Há poucos anos encontrei-o perto do Ministério da Educação, onde estava destacado. Ainda com um pouquinho do seu sotaque açoriano e SIMPÁTICO como o conhecemos. Era um daqueles profs que deixam saudades e nos entusiasmam a continuar...
Rosa Claro...............02-01-2013
sexta-feira, 7 de dezembro de 2012
Um jogo de Voleibol
E já que falo em voleibol na nossa Escola veio-me à memória um nosso colega contemporâneo que eu muito apreciava ver jogar e com quem tive o privilégio de partilhar muitas viagens de comboio entre Bombarral e Caldas e vice-versa. Dois ou três anitos mais velho, (fazia toda a diferença) com a sua gaguez divertida, o Armando (gago) Rosado era um amigo sempre pronto a colaborar nas brincadeiras enquanto esperávamos o comboio. O seu “c’lá, c’lá, c’lá vai alho” ainda perdura com saudades na minha mente.
Partiu muito cedo. Pode ser que lá no sítio onde há muitos anos nos espera, tenha encontrado alguns colegas que também já nos deixaram e vão fazendo umas jogatanas. Mas com a pontuação à antiga.
João Ricardo
terça-feira, 4 de dezembro de 2012
Até um dia Tomé da Costa Borges
Hoje o Blog é portador de más notícias, um amigo de longa
data e antigo aluno, Serralheiro de 1970, partiu para o seu eterno descanso.

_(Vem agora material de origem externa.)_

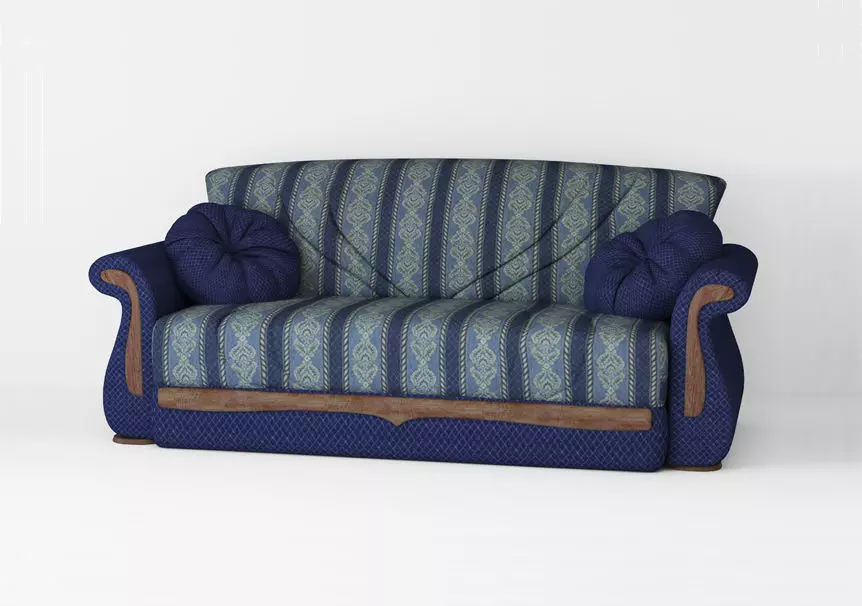 Armchair sofa Low-poly 3D model Low-poly 3D model_0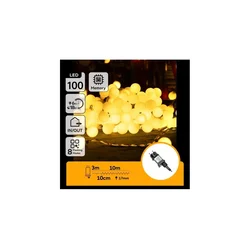 Aigostar - LED spoljni dekorativni lanac 100xLED/3,6W/230V/8 funkcija 10m IP44 topla bela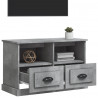 Mueble para TV madera contrachapada gris hormigón 80x35x50 cm 4
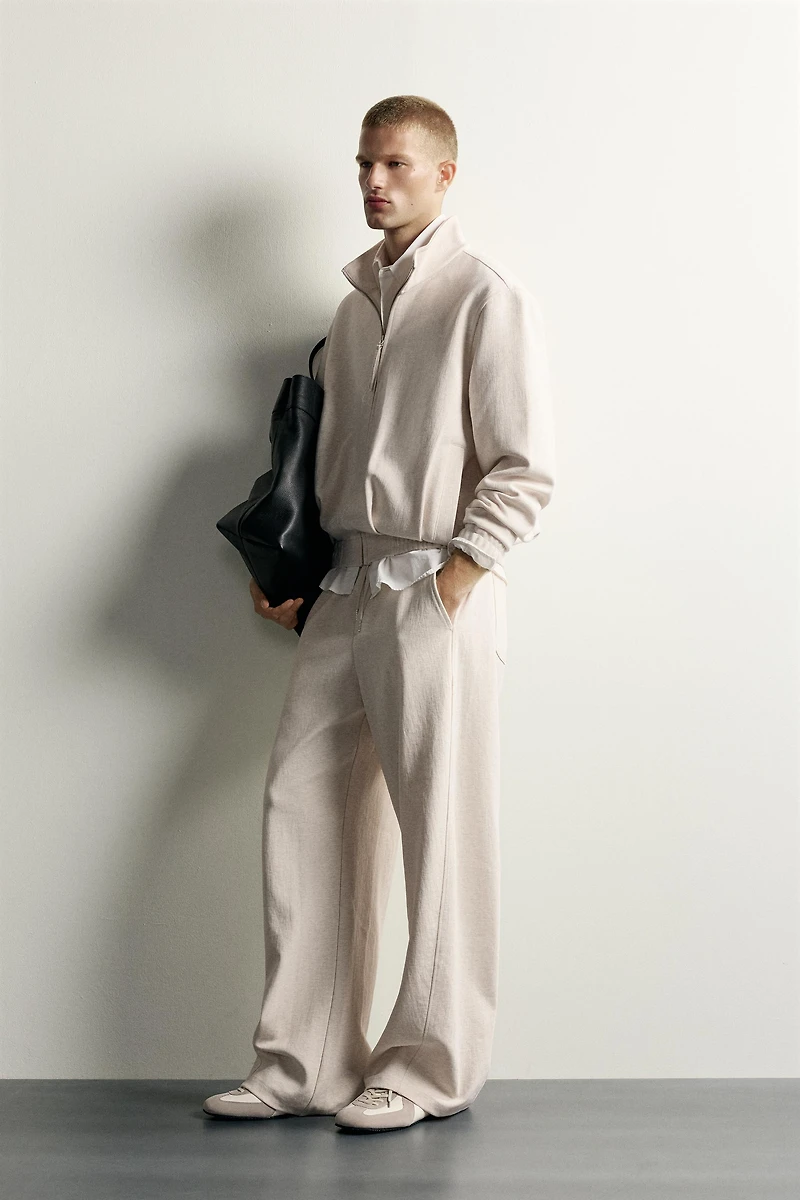 BLOUSON LÉGER RELAXED FIT STRUCTURÉ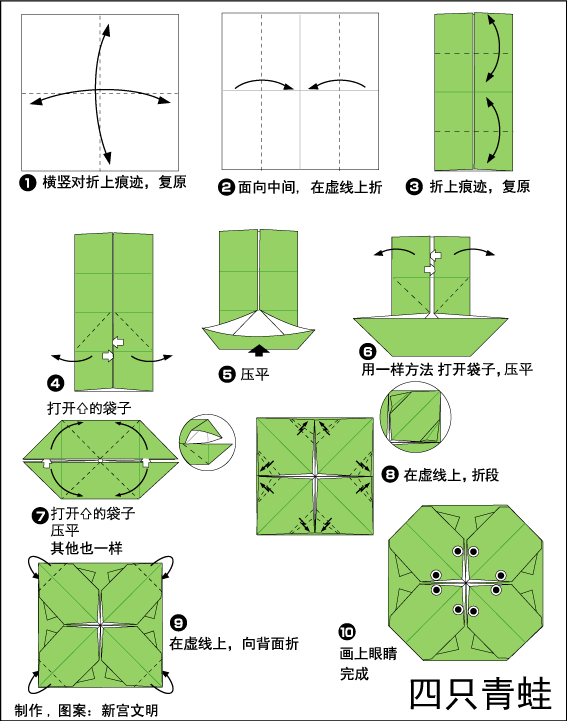 纸青蛙怎么折很简单图片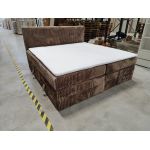 Łóżko kontynentalne TILIANO KING 200x200 - Tilia 17 - brązowy - OUTLETU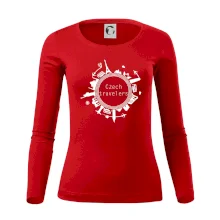 Czech Travelers jednobarevný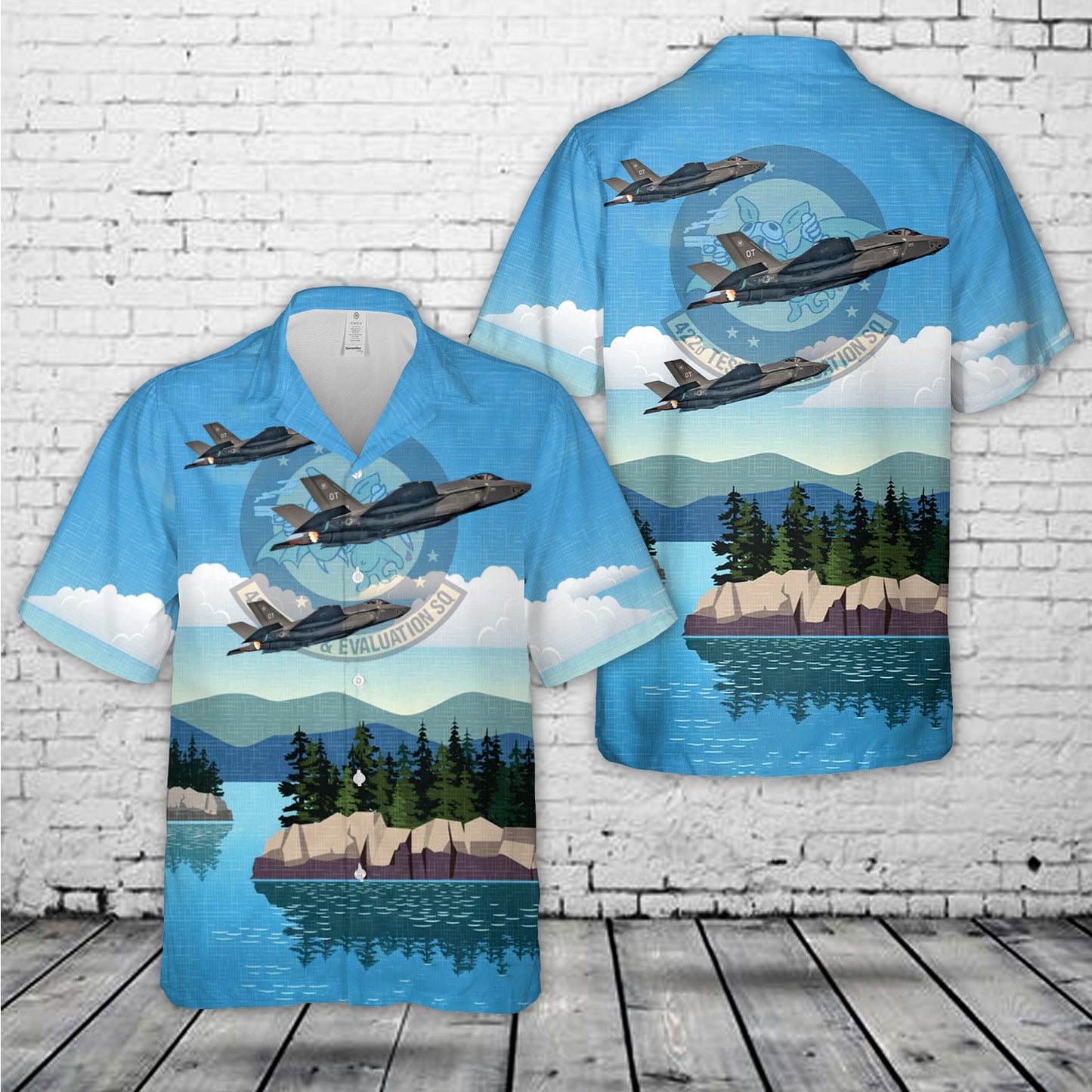USAF Lockheed Martin F-35A Lightning II 10-5020 Hawaiian Shirt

Durante meia dúzia de anos lutou com todas as suas forças
contra um tumor cerebral que nunca lhe deu tréguas.
Em determinada altura ainda se acreditou no milagre, mas a
vida é como é e a luta foi inglória.
Tive oportunidade de apreciar de perto o seu trabalho na
Escola do Maxial e da grande divulgação que fez do Ténis de Mesa no Concelho de
Torres Vedras.
Fica a recordação dos tempos bons que partilhamos, e do excelente
trabalho desenvolvido em Torres Vedras na área da Educação e do Desporto
chegando a fazer parte da vereação da Câmara Municipal.
Sentidos pesâmes à familia
Até um dia Tomé! Sentidos Pêsames a toda a sua Família!

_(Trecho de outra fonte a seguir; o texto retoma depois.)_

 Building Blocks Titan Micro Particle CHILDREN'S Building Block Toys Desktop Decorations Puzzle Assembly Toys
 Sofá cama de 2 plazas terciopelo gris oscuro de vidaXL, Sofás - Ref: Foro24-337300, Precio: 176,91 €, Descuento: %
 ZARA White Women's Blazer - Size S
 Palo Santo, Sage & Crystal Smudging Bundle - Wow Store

Que descanse este paz este nosso amigo e companheiro. Até sempre Tomé.
Recordo-me do nome mas tive pouca convivencia.Que descanse em paz,e sentidas codolências á familia.
Antonio Abilio
Já não é do meu tempo, mas não deixo de lamentar a sua partida...
















































Que descanse em Paz
Maximino
Só me lembro vagamente dos tempos da rua onde morava com a família no bairro da ponte depois a vida nos afastou e vai reunir de novo quando chegar a minha hora ,até lá paz ao descanso eterno e muita saúde á Família ,e a todos os que cá ficaram pois a luta e melhoramento pela vida ´é a nossa missão mesmo que seja só até amanhã. sinto como mais uma perca, mas um bem haja por ser meu conterrâneo nessas Caldas que Amo.